It’s time for bed, the night before Doc can source online, his OP score, which will be critical in his choice of university subjects and courses. Everyone is apprehensive, but positive. Anxious and ready to sleep - so we can pass the time quickly. Hurry up!

Doc is the only cool head in the house, lying in bed reading his book. “Family hug!” I call out, and Chris, Bear and I lunge at a very startled Doc, squashing him between his pillows and doona. Lots of screaming and giggling and playful yelling, and then it’s off to bed.

In the morning, I search for the newspaper among the garden foliage, and notice that Doc has set his alarm to wake in time to find his OP online, at 9am.

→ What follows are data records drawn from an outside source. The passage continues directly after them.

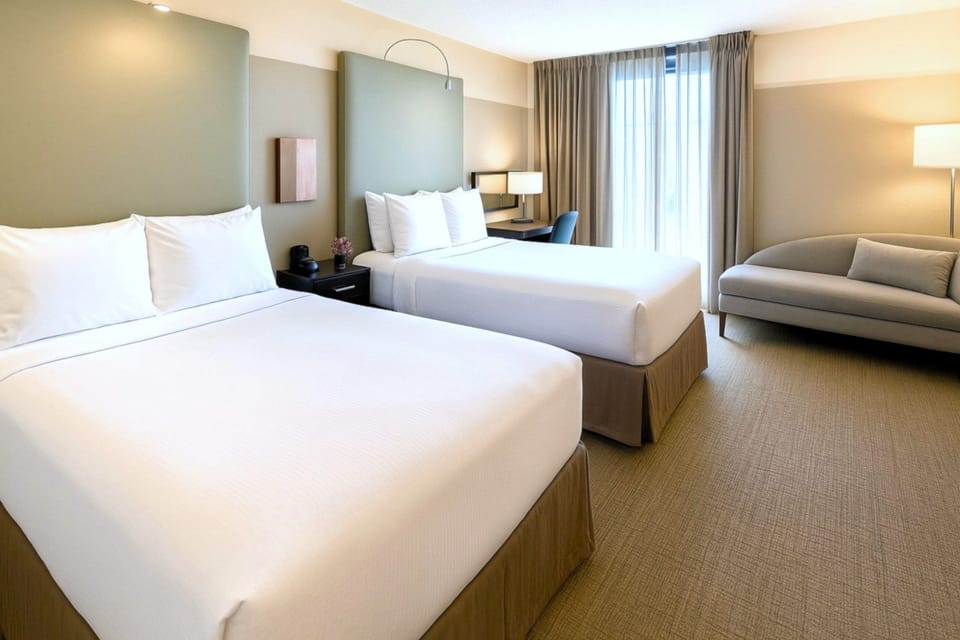 Hypo-allergenic bedding, in-room safe, desk, laptop workspace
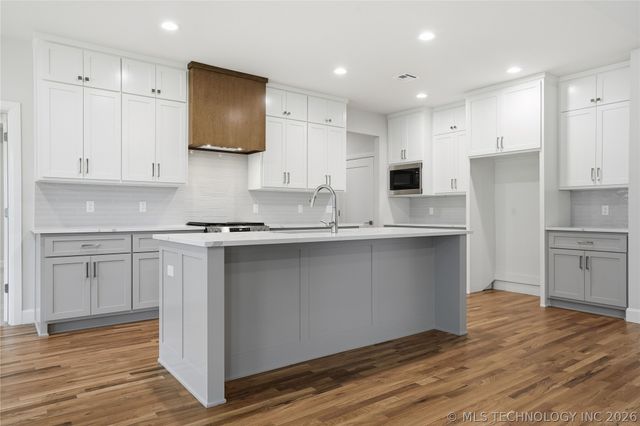 1305 Falls Drive, Sapulpa, OK 74066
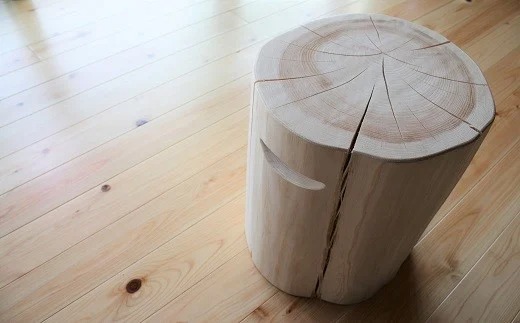 【無印奈良品の家具】ヒノキの丸太イス(取っ手付き) イメージ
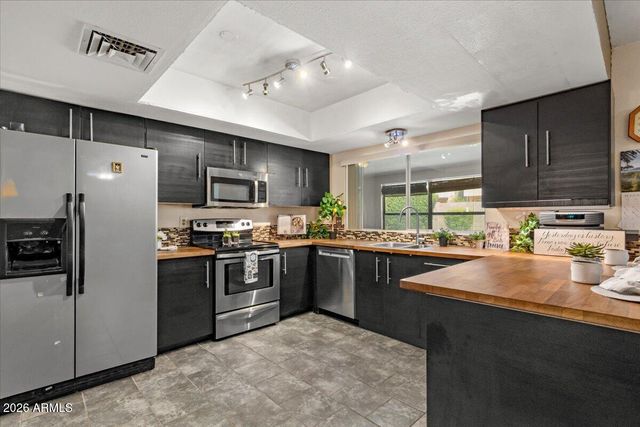 908 W LAGUNA AZUL Avenue, Mesa, AZ 85210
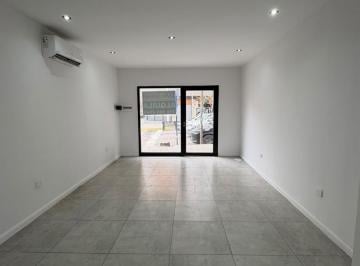 Local comercial · 35m² · 1 Ambiente · Local en Alquiler Cordoba Esquina Alderete Neuquén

I can tell his alarm is set, as it is placed 3 feet away from his bed, on the floor, so he actually has to climb out of bed to turn it off. An old rowing trick - with our 4.30am starts.

At 8.45am we are jumpy, happy, impatient and wanting to know. Finally, at 9am, Doc logs onto the net. Taps in his password, and …bugger! No go. Try again. Type student number. It’s an 11-digit number, but the login only allows us to type in 9 characters. Bugger! He trys again and again, whilst I start to dial the phone number to find out the magic score.

Engaged. Time and again. Bear, younger and keen to see what lays before him, offers advice.

Typing in the Student number, unable to accept, time and again. Argh!

Finally, the phone goes through, as Doc trys it once more. He listens, fiddles, and listens again. “Three” he says, with a smirk.

“Three?” we repeat, digesting this information. “Three! Woo hoo!!”

And we hug and slap him on the back and repeat “THREE” and start to dial phone numbers of family.

Well done mate, we are so proud and happy for you.

Three!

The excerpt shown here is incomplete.